(1.) This appeal arises out of a suit for arrears of rent. The plaintiff claimed interest on the arrears of rent at the rate of 150 per sent, per annum. The Courts below disallowed the high rate of interest on the ground that it was exorbitant and awarded damages at 25 per sent. The land was held under a lease for a term of three years from Magh 1285 to Pous 1288. The lease expired before the passing of the Bengal Tenancy Act; there was no fresh lease and the tenant was holding over.
(2.) There is divergence of judicial opinion upon the question as to the effect of holding over. In the case of Kishore Lal Dey V/s. The Adminsitrator-General of Bengal 2 C.W. N. 303. Ghose and Wilkins, JJ., were of opinion that when a tenant holds over, after the expiration of his lease, he does so on the terms of the lease, on the same rent and on the same stipulations as are mentioned in the lease until the parties come to a fresh settlement; that there is no general rule of law to the effect that the lease of an agricultural tenant in this country who holds over, must be taken as renewed from year to year, and that if any contract is to be implied, it should be taken to have been entered into so noon as the term of the lease expired rather than at the beginning of each year. In that case the suit was brought on the basis of a kabuliyat which was for a term of five years, the interest stipulated to be paid was 75 per sent, and the lease expired before the passing of the Bengal Tenancy Act. The learned Judges held that the tenant was bound to pay interest at the rate stipulated in the kabuliyat, and that the tenancy was unaffected by the provisions of the Bengal Tenancy Act. On the other hand, in the Case of Administrator General of Bengal V/s. Asraf Ali 28 C. 227 a contrary view was taken. There also, the land was held by an agricultural tenant under a lease for a term of six years, which expired in 1881; the tenant had been holding over ever since, and the rate of interest specified in the lease was 75 per cent, per annum, The landlord sued for rent for the years 1893 to 1895 and part of (sic) with interest at the rate specified in the lease. It was held that under the provisions of the Bengal Tenancy Act, the plaintiff could not recover interest at a rate higher than 12 per cent. per annum and that when an agricultural tenant holds over, his tenancy is renewed from year to year.
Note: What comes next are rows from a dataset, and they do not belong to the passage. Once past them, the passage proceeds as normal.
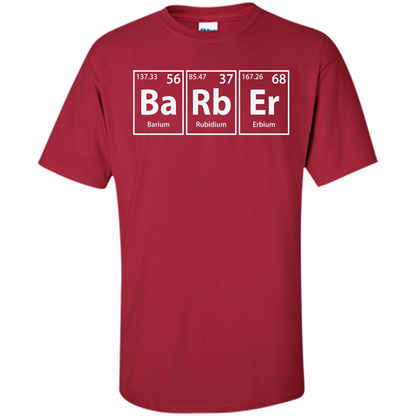 Barber (Ba-Rb-Er) Funny Elements Spelling T-Shirt Cardinal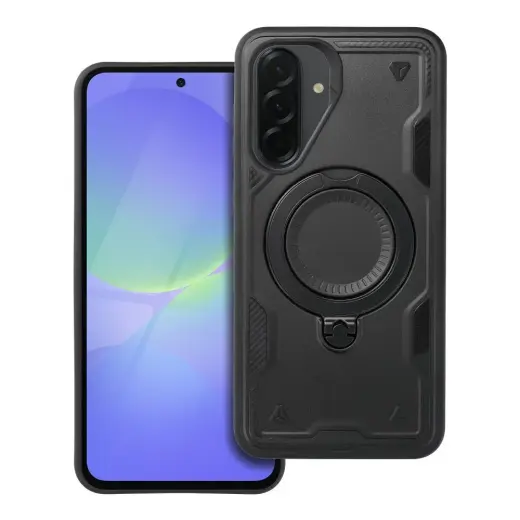FROST ARMOR telefono dėklas su stovu Samsung Galaxy A36 5G (A366) juodas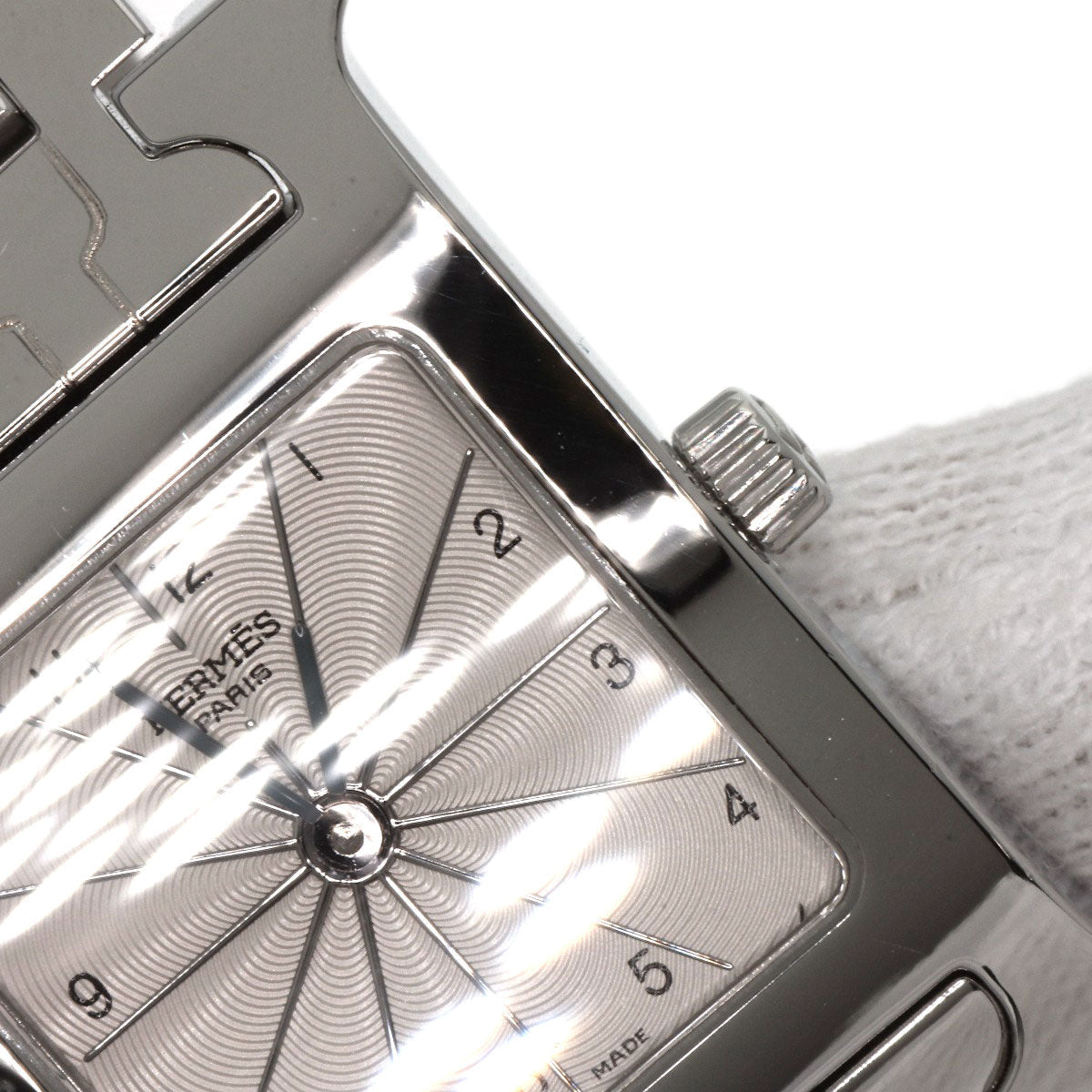 HERMES Watches Quartz HH1.210 Stainless Steel , Stainless Steel Silver H watch Silver dial Women  d
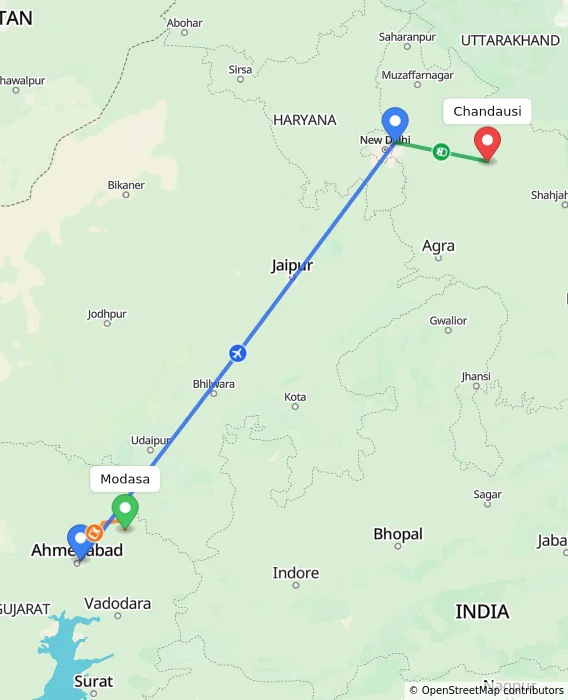 Route map showing distance and travel time from Modasa, India to Chandausi, India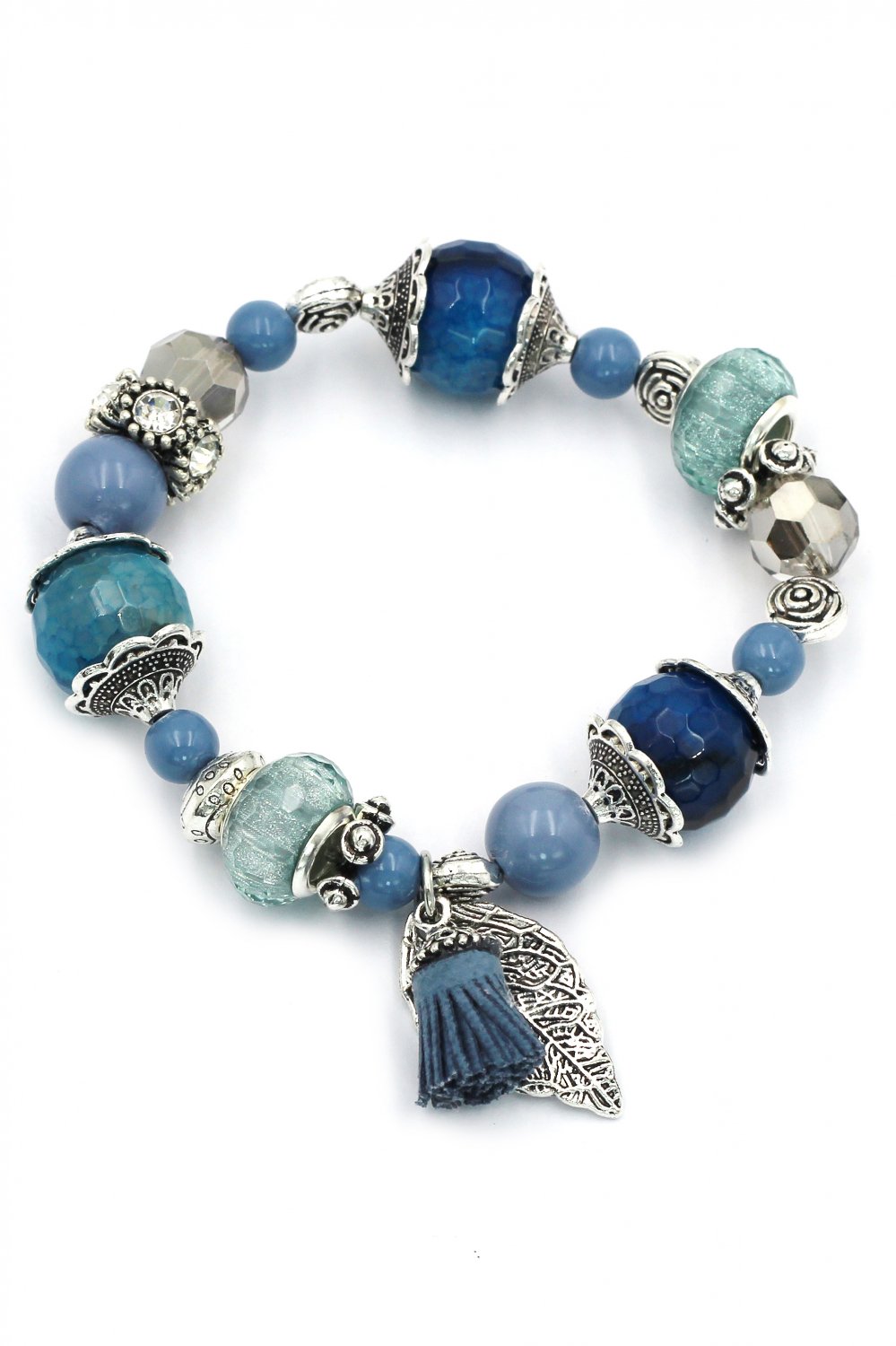 Summer ice bead blue bracelet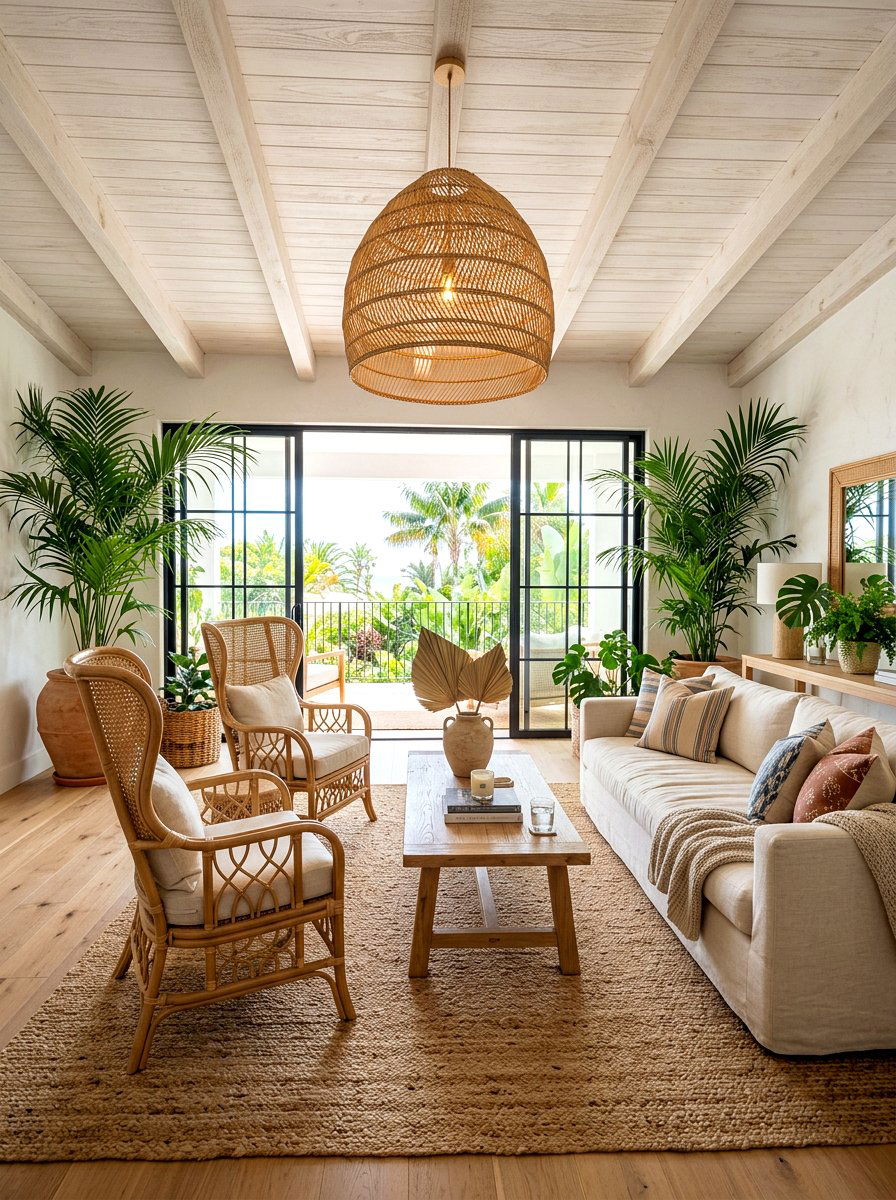 Rattan Living Room - 30 ocean inspired living room ideas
(3.) Ameer Ali and Brett, JJ., in deciding the case referred to a number of cases including the case of Kishore Lal Dey V/s. The Administrator-General of Bengal 2 C.W. N. 303. and also to Ali Mamud Pramanick V/s. Bhagabati Debya 2 C.W.N. 525. where it was held by Rampini and Henderson, JJ., that where a tenant was holding over on the expiration of a lease which had been exesuted before the passing of the Tenancy Act, but which expired after it came into force, the landlord was not entitled to interest beyond that provided by Section 67 of the Act. Ameer Ali and Brett, JJ., observed that a distinction had been drawn between the latter case and that of Kishore Lal Dey V/s. The Administrator-General of Bengal 2 C.W. N. 303. on the ground that the lease had expired after the Tenancy Act came into operation, but that fact did not appear to them to affect the general principle, Then the learned Judges, referring to the decision in the case of Kishore Lal Dey V/s. The Administrator-General of Bengal 2 C.W. N. 303. that a tenant who holds over with the consent of the landlord does so upon the same conditions as those set out in his time expired lease, and that if any contract is to be implied, as contended for on behalf of the appellants, it should be taken to have been entered into so soon as the term of the lease expired rather than at the beginning of each year, "observed:" If this means that the implied contract is for the same term of years as in the lease (of course it could not be for an indefinite period), we venture to think the correctness of the dictum is open to Question. We consider that when an agricultural tenant holds over his tenancy is from year to year." There appears, therefore, to be some conflict between these two cases.